▸ **WHAT IS EXPECTED**: Your answer should be the entries, repeated exactly.

[Data entries]
┌──
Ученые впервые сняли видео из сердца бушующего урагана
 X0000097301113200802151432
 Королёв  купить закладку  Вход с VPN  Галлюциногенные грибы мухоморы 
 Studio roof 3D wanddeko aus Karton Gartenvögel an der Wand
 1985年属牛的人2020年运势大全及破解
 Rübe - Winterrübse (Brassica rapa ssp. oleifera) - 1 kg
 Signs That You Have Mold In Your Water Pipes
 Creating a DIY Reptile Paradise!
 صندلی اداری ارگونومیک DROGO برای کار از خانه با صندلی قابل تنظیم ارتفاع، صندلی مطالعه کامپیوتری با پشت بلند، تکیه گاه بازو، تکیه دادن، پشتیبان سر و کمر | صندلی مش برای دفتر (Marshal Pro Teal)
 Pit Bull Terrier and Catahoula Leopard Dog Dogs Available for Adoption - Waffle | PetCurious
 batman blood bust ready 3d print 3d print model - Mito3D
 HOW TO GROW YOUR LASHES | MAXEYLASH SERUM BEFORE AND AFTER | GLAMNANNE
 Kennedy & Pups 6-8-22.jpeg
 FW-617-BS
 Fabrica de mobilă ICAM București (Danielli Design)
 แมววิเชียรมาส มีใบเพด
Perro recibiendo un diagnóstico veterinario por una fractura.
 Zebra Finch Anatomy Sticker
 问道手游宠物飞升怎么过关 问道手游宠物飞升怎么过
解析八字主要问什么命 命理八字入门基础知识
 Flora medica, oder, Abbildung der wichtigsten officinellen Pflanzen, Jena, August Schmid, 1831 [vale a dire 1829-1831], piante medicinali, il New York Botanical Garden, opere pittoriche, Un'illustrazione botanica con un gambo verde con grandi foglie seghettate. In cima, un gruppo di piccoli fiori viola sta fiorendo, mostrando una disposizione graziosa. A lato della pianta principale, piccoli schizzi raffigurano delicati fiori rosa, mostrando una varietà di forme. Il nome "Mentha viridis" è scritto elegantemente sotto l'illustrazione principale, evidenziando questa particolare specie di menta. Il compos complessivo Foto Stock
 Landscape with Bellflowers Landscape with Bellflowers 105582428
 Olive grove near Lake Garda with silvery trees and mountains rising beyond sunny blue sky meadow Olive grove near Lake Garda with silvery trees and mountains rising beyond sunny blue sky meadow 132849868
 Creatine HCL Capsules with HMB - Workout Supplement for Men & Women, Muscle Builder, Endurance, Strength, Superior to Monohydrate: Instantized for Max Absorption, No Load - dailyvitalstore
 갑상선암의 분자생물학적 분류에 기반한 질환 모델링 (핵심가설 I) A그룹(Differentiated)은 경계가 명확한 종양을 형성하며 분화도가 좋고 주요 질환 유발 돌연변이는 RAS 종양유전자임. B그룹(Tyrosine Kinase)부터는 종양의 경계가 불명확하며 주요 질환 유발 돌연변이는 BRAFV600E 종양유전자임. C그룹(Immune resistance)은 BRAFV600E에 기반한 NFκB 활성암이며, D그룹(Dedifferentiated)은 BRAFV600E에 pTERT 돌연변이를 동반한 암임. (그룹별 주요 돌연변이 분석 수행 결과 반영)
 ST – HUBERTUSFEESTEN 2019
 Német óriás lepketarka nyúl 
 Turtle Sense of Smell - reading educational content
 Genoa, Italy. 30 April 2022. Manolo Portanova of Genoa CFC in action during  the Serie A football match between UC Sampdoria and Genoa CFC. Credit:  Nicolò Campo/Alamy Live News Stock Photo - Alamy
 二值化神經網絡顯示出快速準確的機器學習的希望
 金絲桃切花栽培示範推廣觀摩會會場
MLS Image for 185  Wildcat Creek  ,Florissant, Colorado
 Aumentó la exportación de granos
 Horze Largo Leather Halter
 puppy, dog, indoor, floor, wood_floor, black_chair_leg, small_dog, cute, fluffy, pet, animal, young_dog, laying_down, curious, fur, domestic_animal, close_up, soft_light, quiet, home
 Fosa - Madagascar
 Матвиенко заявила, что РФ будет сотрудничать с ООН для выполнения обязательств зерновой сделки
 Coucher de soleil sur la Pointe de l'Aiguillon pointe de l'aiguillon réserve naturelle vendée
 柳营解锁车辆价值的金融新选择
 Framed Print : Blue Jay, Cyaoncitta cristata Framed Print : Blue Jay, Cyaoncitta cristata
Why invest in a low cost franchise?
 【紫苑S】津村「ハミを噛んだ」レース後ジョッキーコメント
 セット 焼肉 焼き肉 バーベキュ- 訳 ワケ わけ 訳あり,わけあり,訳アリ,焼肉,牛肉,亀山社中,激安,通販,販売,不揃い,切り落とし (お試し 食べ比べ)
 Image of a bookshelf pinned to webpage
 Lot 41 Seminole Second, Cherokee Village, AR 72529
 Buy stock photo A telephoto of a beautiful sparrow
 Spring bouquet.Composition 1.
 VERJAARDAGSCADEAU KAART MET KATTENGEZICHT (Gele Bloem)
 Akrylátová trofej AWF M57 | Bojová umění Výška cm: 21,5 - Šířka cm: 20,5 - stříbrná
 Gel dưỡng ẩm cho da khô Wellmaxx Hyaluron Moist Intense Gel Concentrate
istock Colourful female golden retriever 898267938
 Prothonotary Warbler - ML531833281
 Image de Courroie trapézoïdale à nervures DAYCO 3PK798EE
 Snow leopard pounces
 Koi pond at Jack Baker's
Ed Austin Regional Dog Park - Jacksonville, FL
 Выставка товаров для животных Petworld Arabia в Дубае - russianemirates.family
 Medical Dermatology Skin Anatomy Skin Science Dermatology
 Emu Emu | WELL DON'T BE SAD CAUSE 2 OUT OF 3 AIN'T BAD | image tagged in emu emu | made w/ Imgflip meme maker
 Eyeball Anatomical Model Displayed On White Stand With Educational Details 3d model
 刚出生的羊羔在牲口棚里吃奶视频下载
└──
▸ **RESPONSE**:
Ученые впервые сняли видео из сердца бушующего урагана
 X0000097301113200802151432
 Королёв  купить закладку  Вход с VPN  Галлюциногенные грибы мухоморы 
 Studio roof 3D wanddeko aus Karton Gartenvögel an der Wand
 1985年属牛的人2020年运势大全及破解
 Rübe - Winterrübse (Brassica rapa ssp. oleifera) - 1 kg
 Signs That You Have Mold In Your Water Pipes
 Creating a DIY Reptile Paradise!
 صندلی اداری ارگونومیک DROGO برای کار از خانه با صندلی قابل تنظیم ارتفاع، صندلی مطالعه کامپیوتری با پشت بلند، تکیه گاه بازو، تکیه دادن، پشتیبان سر و کمر | صندلی مش برای دفتر (Marshal Pro Teal)
 Pit Bull Terrier and Catahoula Leopard Dog Dogs Available for Adoption - Waffle | PetCurious
 batman blood bust ready 3d print 3d print model - Mito3D
 HOW TO GROW YOUR LASHES | MAXEYLASH SERUM BEFORE AND AFTER | GLAMNANNE
 Kennedy & Pups 6-8-22.jpeg
 FW-617-BS
 Fabrica de mobilă ICAM București (Danielli Design)
 แมววิเชียรมาส มีใบเพด
Perro recibiendo un diagnóstico veterinario por una fractura.
 Zebra Finch Anatomy Sticker
 问道手游宠物飞升怎么过关 问道手游宠物飞升怎么过
解析八字主要问什么命 命理八字入门基础知识
 Flora medica, oder, Abbildung der wichtigsten officinellen Pflanzen, Jena, August Schmid, 1831 [vale a dire 1829-1831], piante medicinali, il New York Botanical Garden, opere pittoriche, Un'illustrazione botanica con un gambo verde con grandi foglie seghettate. In cima, un gruppo di piccoli fiori viola sta fiorendo, mostrando una disposizione graziosa. A lato della pianta principale, piccoli schizzi raffigurano delicati fiori rosa, mostrando una varietà di forme. Il nome "Mentha viridis" è scritto elegantemente sotto l'illustrazione principale, evidenziando questa particolare specie di menta. Il compos complessivo Foto Stock
 Landscape with Bellflowers Landscape with Bellflowers 105582428
 Olive grove near Lake Garda with silvery trees and mountains rising beyond sunny blue sky meadow Olive grove near Lake Garda with silvery trees and mountains rising beyond sunny blue sky meadow 132849868
 Creatine HCL Capsules with HMB - Workout Supplement for Men & Women, Muscle Builder, Endurance, Strength, Superior to Monohydrate: Instantized for Max Absorption, No Load - dailyvitalstore
 갑상선암의 분자생물학적 분류에 기반한 질환 모델링 (핵심가설 I) A그룹(Differentiated)은 경계가 명확한 종양을 형성하며 분화도가 좋고 주요 질환 유발 돌연변이는 RAS 종양유전자임. B그룹(Tyrosine Kinase)부터는 종양의 경계가 불명확하며 주요 질환 유발 돌연변이는 BRAFV600E 종양유전자임. C그룹(Immune resistance)은 BRAFV600E에 기반한 NFκB 활성암이며, D그룹(Dedifferentiated)은 BRAFV600E에 pTERT 돌연변이를 동반한 암임. (그룹별 주요 돌연변이 분석 수행 결과 반영)
 ST – HUBERTUSFEESTEN 2019
 Német óriás lepketarka nyúl 
 Turtle Sense of Smell - reading educational content
 Genoa, Italy. 30 April 2022. Manolo Portanova of Genoa CFC in action during  the Serie A football match between UC Sampdoria and Genoa CFC. Credit:  Nicolò Campo/Alamy Live News Stock Photo - Alamy
 二值化神經網絡顯示出快速準確的機器學習的希望
 金絲桃切花栽培示範推廣觀摩會會場
MLS Image for 185  Wildcat Creek  ,Florissant, Colorado
 Aumentó la exportación de granos
 Horze Largo Leather Halter
 puppy, dog, indoor, floor, wood_floor, black_chair_leg, small_dog, cute, fluffy, pet, animal, young_dog, laying_down, curious, fur, domestic_animal, close_up, soft_light, quiet, home
 Fosa - Madagascar
 Матвиенко заявила, что РФ будет сотрудничать с ООН для выполнения обязательств зерновой сделки
 Coucher de soleil sur la Pointe de l'Aiguillon pointe de l'aiguillon réserve naturelle vendée
 柳营解锁车辆价值的金融新选择
 Framed Print : Blue Jay, Cyaoncitta cristata Framed Print : Blue Jay, Cyaoncitta cristata
Why invest in a low cost franchise?
 【紫苑S】津村「ハミを噛んだ」レース後ジョッキーコメント
 セット 焼肉 焼き肉 バーベキュ- 訳 ワケ わけ 訳あり,わけあり,訳アリ,焼肉,牛肉,亀山社中,激安,通販,販売,不揃い,切り落とし (お試し 食べ比べ)
 Image of a bookshelf pinned to webpage
 Lot 41 Seminole Second, Cherokee Village, AR 72529
 Buy stock photo A telephoto of a beautiful sparrow
 Spring bouquet.Composition 1.
 VERJAARDAGSCADEAU KAART MET KATTENGEZICHT (Gele Bloem)
 Akrylátová trofej AWF M57 | Bojová umění Výška cm: 21,5 - Šířka cm: 20,5 - stříbrná
 Gel dưỡng ẩm cho da khô Wellmaxx Hyaluron Moist Intense Gel Concentrate
istock Colourful female golden retriever 898267938
 Prothonotary Warbler - ML531833281
 Image de Courroie trapézoïdale à nervures DAYCO 3PK798EE
 Snow leopard pounces
 Koi pond at Jack Baker's
Ed Austin Regional Dog Park - Jacksonville, FL
 Выставка товаров для животных Petworld Arabia в Дубае - russianemirates.family
 Medical Dermatology Skin Anatomy Skin Science Dermatology
 Emu Emu | WELL DON'T BE SAD CAUSE 2 OUT OF 3 AIN'T BAD | image tagged in emu emu | made w/ Imgflip meme maker
 Eyeball Anatomical Model Displayed On White Stand With Educational Details 3d model
 刚出生的羊羔在牲口棚里吃奶视频下载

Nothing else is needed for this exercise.